27.5.04

Menaces terroristes

Les Etats-Unis redoutent une attaque terroriste cet été. Leurs craintes sont fondées : à mesure que l'élection présidentielle de novembre approche, le niveau d'alerte va s'élever. Les services de renseignements n'ont pas détecté de menace précise, mais les écoutes américaines relèvent un niveau de communication élevé. En soi, c'est un signe qu'un attentat est peut-être en préparation.

Dans cette guerre des ombres, à défaut de certitudes, la logique et le bon sens sont les meilleurs alliés de l'antiterrorisme. Deux arguments font redouter le pire.

D'abord le carnage de Madrid, le 11 mars. Son impact sur la défaite inattendue d'un gouvernement allié des Etats-Unis n'a pu qu'encourager al-Qaida à bien cibler sa campagne meurtrière.

Ensuite l'Irak. Le moment actuel, particulièrement délicat pour la coalition, offre aux terroristes une occasion de marquer des points de propagande.

La guerre menée par al-Qaida et ses succursales ne faiblit sur aucun front. Le 1er mai, six ingénieurs pétroliers, dont deux Américains, étaient tués à Yanbu, en Arabie saoudite. Hier, le consul des Etats-Unis échappait de peu à l'explosion d'une voiture piégée à Karachi, au Pakistan. L'Irak est un champ de bataille quotidien où il est devenu difficile de distinguer les attentats d'al-Qaida des actes de résistance à l'occupation.

Dans les pays occidentaux, l'autre théâtre d'opérations de cette bataille planétaire, les «cellules dormantes» se préparent à passer à l'action, comme elles l'ont fait à Madrid.

Le plus spectaculaire serait de frapper aux Etats-Unis. Depuis le 11 septembre 2001, le territoire américain est resté à l'abri des attentats. A l'approche de l'élection présidentielle, il serait logique que les terroristes cherchent à frapper à nouveau au coeur de l'empire et à transformer l'essai réussi en Espagne. Quel plus grand succès peuvent-ils rêver si ce n'est de chasser Bush de la Maison-Blanche ? C'est, en tout cas, la hantise des services américains. Ils craignent surtout une «bombe sale», qui mêlerait des éléments radioactifs à des explosifs conventionnels pour maximiser les victimes et la panique engendrée.
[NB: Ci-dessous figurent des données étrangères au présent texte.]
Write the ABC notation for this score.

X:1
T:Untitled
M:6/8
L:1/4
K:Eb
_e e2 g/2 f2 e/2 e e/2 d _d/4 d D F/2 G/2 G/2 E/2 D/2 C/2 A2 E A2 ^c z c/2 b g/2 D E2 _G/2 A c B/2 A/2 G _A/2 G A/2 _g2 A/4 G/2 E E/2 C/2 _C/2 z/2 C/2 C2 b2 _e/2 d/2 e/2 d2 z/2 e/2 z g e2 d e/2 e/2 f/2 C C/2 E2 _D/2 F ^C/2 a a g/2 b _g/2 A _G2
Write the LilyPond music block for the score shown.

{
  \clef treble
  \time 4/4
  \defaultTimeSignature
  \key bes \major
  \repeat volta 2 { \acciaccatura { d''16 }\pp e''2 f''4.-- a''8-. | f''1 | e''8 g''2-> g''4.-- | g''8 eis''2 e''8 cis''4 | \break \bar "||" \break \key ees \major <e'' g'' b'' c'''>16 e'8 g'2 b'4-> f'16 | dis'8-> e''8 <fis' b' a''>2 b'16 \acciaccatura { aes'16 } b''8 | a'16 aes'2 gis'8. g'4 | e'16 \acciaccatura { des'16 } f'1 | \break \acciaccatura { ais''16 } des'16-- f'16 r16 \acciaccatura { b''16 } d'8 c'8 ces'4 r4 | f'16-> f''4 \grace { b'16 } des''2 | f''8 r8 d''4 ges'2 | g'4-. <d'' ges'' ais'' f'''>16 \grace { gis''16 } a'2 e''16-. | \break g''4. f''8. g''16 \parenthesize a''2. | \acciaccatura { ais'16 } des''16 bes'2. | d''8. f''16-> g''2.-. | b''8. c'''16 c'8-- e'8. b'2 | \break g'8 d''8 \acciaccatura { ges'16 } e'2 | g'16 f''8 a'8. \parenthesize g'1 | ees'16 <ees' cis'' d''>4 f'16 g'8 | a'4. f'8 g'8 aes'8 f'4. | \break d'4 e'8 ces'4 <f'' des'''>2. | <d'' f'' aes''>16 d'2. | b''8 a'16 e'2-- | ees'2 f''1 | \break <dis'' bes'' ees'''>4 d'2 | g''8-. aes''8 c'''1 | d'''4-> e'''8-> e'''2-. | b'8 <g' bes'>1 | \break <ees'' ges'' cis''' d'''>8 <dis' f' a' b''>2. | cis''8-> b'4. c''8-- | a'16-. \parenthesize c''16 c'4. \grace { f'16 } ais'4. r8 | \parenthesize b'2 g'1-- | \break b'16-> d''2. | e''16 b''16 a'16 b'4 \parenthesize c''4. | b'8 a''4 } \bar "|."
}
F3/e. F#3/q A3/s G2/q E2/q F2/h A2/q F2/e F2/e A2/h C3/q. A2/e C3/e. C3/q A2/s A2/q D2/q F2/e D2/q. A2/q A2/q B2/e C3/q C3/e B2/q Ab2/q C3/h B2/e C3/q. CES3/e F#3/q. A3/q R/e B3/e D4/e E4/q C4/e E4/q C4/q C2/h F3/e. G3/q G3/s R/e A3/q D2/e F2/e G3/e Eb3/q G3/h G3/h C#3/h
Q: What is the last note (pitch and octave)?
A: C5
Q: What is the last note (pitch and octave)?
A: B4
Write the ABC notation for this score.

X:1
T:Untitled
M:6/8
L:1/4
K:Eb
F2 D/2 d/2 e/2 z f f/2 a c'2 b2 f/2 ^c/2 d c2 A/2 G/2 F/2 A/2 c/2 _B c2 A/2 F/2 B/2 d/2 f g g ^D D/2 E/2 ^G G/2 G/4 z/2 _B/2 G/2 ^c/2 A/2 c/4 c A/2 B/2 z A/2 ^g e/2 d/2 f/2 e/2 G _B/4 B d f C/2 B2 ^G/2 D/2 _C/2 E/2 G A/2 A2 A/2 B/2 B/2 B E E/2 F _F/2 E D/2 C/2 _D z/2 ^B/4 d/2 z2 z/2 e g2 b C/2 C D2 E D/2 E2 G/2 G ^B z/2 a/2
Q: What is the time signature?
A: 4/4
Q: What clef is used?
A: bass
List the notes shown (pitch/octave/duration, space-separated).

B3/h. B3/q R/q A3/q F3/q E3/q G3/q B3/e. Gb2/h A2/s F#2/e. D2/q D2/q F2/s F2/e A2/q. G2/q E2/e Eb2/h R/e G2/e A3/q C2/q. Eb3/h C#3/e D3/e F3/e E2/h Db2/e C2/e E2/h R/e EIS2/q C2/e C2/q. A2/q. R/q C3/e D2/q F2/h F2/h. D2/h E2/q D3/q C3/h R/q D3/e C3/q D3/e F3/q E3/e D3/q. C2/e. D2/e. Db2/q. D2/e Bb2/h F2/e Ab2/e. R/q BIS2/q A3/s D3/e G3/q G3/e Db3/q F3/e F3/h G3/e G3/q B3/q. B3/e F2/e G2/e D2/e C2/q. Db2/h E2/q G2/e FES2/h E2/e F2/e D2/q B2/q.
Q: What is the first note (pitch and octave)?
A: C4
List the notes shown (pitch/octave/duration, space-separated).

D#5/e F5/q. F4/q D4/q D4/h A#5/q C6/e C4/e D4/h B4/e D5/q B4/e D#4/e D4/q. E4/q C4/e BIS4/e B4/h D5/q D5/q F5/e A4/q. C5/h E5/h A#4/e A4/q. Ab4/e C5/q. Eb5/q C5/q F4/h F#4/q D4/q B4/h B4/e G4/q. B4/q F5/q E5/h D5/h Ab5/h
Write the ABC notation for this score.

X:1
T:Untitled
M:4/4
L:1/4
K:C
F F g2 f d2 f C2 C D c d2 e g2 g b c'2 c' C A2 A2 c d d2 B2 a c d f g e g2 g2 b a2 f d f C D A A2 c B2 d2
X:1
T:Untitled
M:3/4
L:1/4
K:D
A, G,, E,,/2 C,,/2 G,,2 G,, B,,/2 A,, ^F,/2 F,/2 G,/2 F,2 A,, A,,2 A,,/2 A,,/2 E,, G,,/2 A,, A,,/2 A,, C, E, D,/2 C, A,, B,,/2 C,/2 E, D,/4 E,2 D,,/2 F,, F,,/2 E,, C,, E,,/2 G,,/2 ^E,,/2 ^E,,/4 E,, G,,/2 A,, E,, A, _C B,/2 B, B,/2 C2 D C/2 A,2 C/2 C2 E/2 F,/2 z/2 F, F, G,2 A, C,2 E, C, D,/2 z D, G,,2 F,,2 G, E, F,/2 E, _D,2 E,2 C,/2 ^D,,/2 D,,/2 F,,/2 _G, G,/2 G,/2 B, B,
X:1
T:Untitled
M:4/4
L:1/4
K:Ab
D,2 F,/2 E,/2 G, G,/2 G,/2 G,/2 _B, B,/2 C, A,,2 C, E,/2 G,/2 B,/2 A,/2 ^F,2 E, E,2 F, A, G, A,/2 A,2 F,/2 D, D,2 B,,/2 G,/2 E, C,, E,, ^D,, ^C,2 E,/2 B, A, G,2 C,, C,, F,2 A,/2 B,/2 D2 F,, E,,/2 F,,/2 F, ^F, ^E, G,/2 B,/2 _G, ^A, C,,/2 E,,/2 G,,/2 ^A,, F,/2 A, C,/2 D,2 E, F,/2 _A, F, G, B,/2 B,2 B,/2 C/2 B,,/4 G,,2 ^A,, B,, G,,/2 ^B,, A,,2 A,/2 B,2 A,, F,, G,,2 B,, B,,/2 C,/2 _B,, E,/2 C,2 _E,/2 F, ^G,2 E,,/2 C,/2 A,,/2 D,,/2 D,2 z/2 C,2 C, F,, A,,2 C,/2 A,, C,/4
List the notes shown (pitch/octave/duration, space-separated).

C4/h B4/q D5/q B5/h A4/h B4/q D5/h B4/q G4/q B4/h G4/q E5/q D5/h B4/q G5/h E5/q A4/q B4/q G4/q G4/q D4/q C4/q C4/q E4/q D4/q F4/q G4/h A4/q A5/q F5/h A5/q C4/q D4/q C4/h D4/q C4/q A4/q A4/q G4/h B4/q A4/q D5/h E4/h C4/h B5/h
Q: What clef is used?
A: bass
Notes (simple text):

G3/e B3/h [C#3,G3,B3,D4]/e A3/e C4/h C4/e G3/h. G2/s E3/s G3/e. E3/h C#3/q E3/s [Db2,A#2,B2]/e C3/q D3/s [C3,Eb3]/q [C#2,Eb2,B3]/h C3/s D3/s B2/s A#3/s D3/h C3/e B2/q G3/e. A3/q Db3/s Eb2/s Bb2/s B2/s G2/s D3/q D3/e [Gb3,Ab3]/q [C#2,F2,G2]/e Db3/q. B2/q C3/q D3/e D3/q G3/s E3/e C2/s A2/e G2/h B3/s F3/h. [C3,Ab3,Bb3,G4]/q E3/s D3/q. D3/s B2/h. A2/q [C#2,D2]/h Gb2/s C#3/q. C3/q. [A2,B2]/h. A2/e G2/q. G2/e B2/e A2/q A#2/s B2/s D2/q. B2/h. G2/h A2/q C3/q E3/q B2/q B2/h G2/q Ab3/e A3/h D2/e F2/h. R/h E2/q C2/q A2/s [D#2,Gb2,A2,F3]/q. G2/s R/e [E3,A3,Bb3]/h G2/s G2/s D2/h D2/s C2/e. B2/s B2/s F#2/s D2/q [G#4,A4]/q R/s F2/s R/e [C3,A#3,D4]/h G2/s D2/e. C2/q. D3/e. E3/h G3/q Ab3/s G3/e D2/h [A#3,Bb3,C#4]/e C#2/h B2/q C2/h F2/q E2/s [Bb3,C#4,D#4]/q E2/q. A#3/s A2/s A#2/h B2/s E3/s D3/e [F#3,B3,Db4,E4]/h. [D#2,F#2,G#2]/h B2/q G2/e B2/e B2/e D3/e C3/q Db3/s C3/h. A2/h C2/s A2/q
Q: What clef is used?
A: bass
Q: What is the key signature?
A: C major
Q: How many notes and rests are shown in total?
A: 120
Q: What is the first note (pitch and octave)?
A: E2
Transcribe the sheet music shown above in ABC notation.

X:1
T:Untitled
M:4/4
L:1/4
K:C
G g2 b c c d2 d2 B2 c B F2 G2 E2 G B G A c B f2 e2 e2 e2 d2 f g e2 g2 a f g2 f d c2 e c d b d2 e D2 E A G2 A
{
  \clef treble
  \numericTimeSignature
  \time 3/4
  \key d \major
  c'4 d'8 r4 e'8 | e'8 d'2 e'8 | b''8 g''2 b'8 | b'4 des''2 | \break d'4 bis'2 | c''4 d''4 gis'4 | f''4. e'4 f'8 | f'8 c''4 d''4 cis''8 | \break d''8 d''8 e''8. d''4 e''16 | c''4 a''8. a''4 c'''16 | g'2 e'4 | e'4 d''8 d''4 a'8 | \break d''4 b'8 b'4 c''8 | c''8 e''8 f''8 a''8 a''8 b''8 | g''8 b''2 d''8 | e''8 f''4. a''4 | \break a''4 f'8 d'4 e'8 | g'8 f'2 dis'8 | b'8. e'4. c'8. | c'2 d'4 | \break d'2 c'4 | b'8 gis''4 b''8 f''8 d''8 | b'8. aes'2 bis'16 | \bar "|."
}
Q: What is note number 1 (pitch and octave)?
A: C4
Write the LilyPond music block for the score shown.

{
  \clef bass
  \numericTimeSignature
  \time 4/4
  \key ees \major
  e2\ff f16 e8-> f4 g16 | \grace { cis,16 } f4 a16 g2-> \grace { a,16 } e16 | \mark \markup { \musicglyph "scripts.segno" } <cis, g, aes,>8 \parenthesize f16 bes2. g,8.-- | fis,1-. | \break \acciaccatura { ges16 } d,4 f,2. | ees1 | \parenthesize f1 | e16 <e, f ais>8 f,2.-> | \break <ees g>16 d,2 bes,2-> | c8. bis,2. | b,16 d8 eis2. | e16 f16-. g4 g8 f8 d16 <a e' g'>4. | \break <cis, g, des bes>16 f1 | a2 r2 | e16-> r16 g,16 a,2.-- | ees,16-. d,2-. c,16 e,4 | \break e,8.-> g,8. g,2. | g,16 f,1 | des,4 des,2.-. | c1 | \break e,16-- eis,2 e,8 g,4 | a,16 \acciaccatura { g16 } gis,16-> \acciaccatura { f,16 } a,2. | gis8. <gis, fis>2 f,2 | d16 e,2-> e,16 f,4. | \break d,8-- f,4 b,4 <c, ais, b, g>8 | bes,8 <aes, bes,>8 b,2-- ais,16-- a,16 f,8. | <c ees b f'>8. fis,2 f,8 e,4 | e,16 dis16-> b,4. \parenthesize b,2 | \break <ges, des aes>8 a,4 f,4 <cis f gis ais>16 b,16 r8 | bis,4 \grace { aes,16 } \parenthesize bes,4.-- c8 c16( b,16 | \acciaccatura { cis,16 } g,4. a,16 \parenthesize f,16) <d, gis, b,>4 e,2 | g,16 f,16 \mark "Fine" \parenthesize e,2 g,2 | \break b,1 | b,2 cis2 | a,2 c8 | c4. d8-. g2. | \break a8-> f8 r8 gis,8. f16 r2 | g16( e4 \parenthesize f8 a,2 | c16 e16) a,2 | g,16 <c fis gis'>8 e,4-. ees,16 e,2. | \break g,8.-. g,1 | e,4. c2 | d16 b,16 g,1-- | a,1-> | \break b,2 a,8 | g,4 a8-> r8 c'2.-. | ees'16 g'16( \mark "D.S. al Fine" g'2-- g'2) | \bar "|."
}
L'Europe est aussi visée. Dans les semaines qui viennent, des deux côtés de l'Atlantique, les spécialistes de l'antiterrorisme vont être fortement sollicités. Plusieurs événements internationaux à forte valeur symbolique apparaissent comme autant de cibles potentielles. Le sommet du G 8 se réunira le mois prochain (8 au 10 juin) aux Etats-Unis. Celui de l'Otan se tiendra ensuite à Istanbul, où al-Qaida a déjà frappé. Il y aura les Jeux olympiques, à Athènes, et les conventions démocrate et républicaine, à New York et à Boston.

La série débutera avec la venue en France du président George W. Bush pour l'anniversaire du débarquement sur les plages de Normandie. A cette occasion, chacun doit comprendre que les menaces terroristes méritent d'être prises avec le plus grand sérieux.